*** EXERCISE MATERIALS Section Begins ***
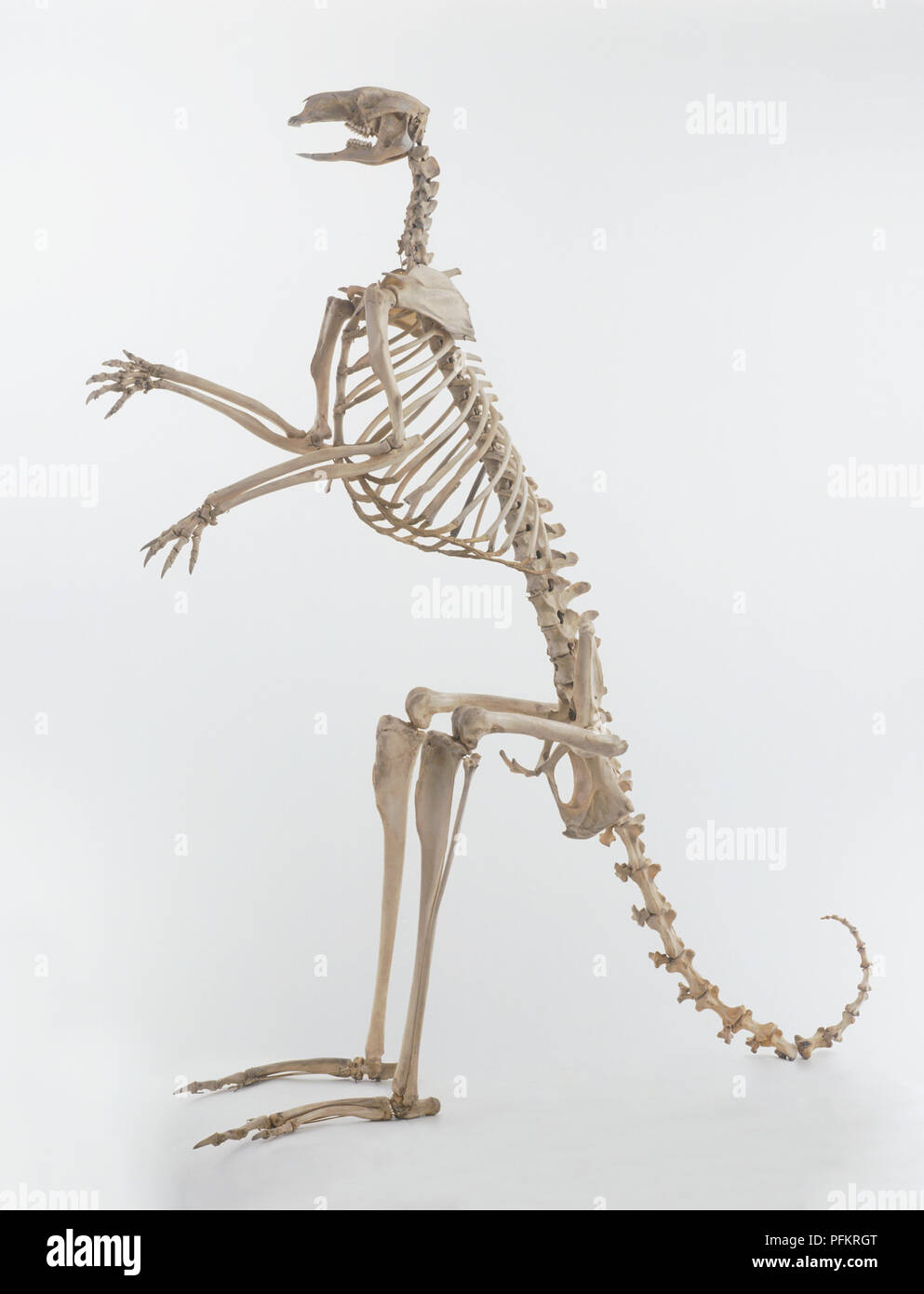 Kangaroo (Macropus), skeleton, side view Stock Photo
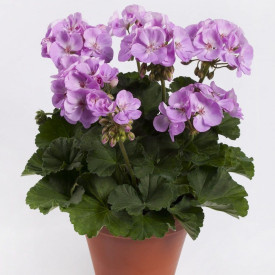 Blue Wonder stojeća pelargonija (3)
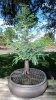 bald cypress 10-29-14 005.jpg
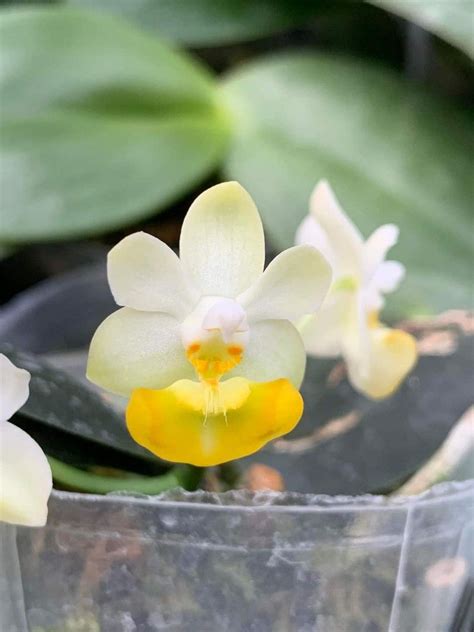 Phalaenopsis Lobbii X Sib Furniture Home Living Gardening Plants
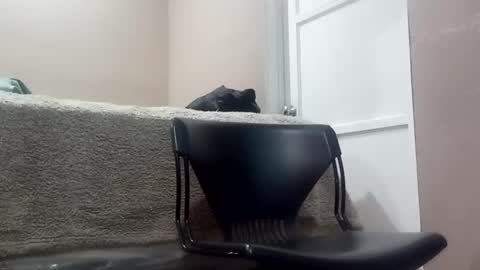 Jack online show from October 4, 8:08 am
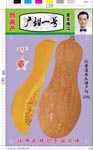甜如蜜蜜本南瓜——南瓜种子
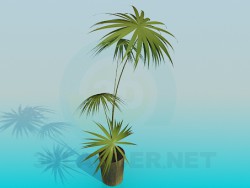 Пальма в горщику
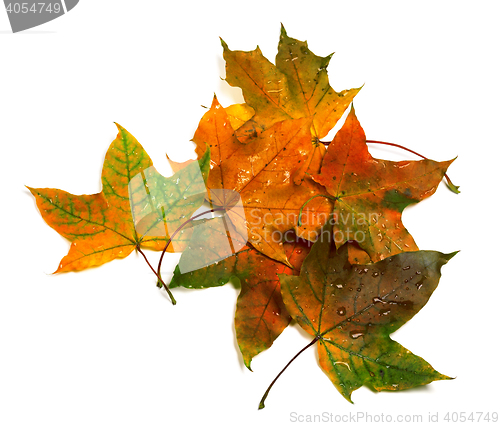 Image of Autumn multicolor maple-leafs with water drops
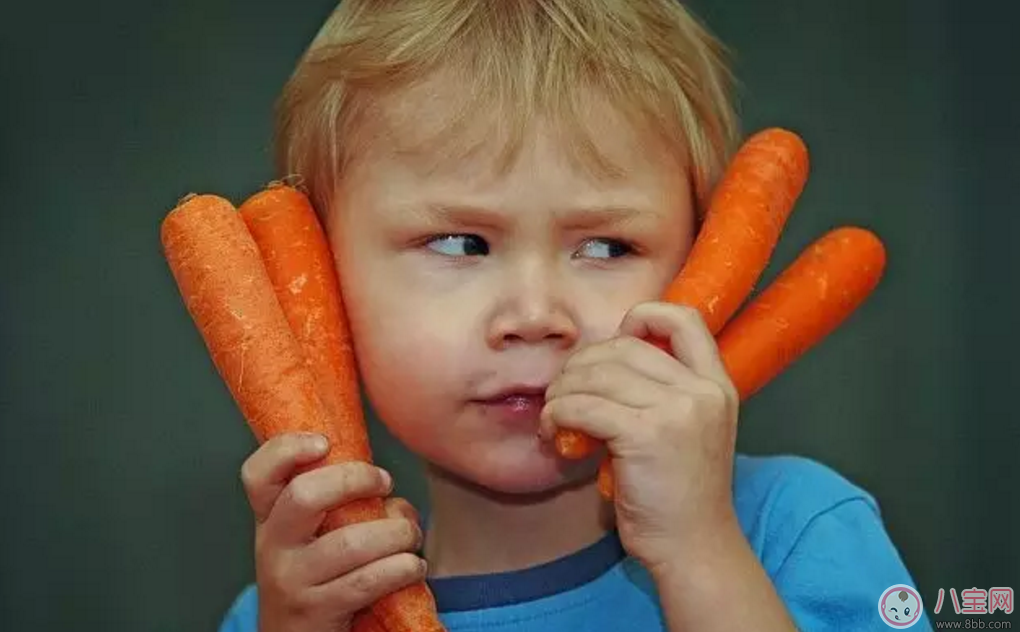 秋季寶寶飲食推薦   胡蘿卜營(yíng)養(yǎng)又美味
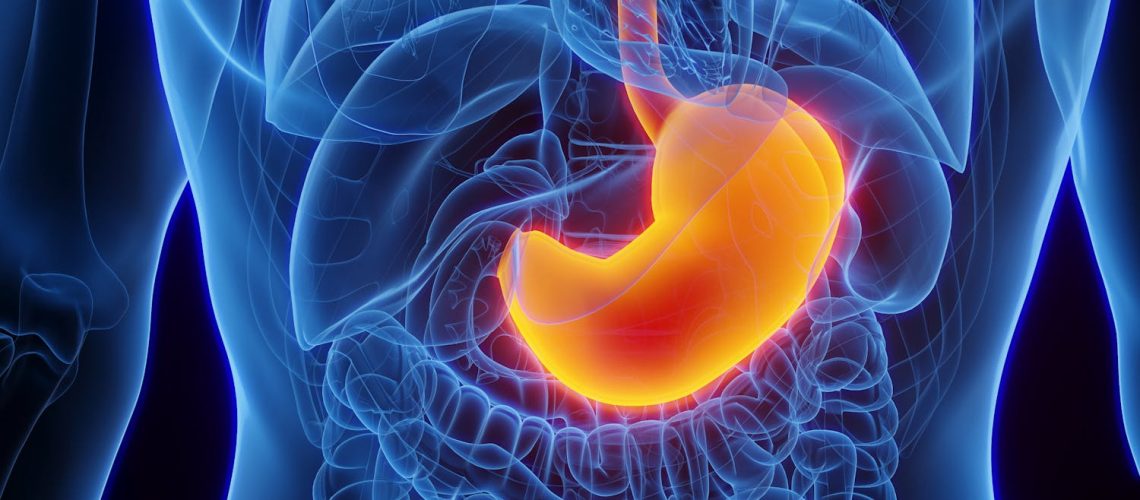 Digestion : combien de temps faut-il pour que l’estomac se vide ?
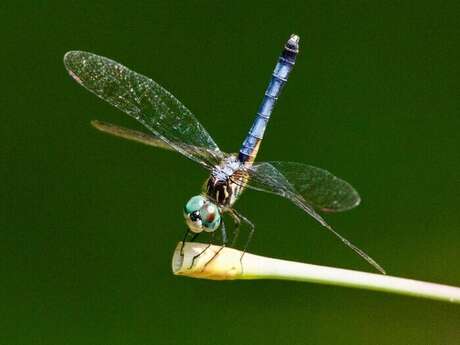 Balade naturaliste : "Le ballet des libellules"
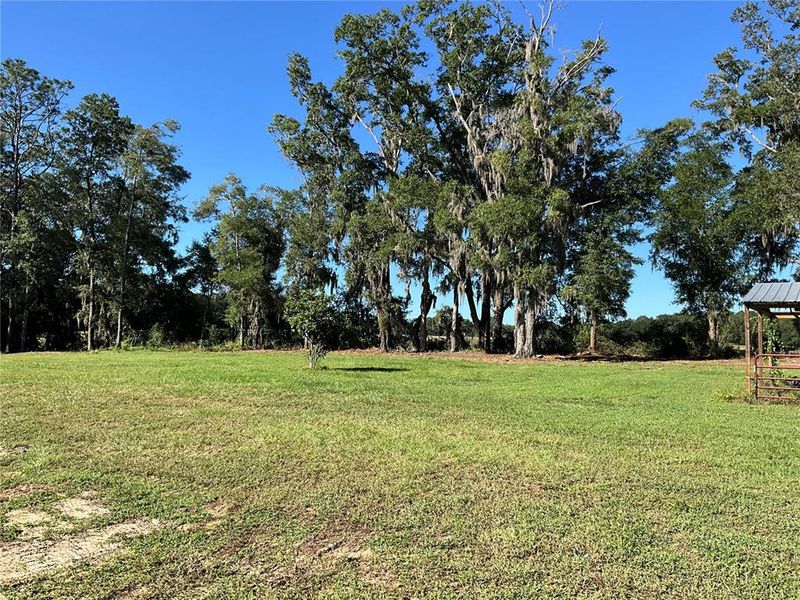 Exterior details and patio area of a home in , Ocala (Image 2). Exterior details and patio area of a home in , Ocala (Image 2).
*** EXERCISE MATERIALS Section Ends ***
== AIM OF THE TASK ==
What you return must be the entries above, exactly as they appear, without any pictures.

== TASK RESULT ==
 Kangaroo (Macropus), skeleton, side view Stock Photo
 Blue Wonder stojeća pelargonija (3)
 bald cypress 10-29-14 005.jpg
 Phalaenopsis Lobbii X Sib Furniture Home Living Gardening Plants
 Jack online show from October 4, 8:08 am
甜如蜜蜜本南瓜——南瓜种子
 Пальма в горщику
 Image of Autumn multicolor maple-leafs with water drops
 秋季寶寶飲食推薦   胡蘿卜營(yíng)養(yǎng)又美味
 Digestion : combien de temps faut-il pour que l’estomac se vide ?
 Balade naturaliste : "Le ballet des libellules"
 Exterior details and patio area of a home in , Ocala (Image 2). Exterior details and patio area of a home in , Ocala (Image 2).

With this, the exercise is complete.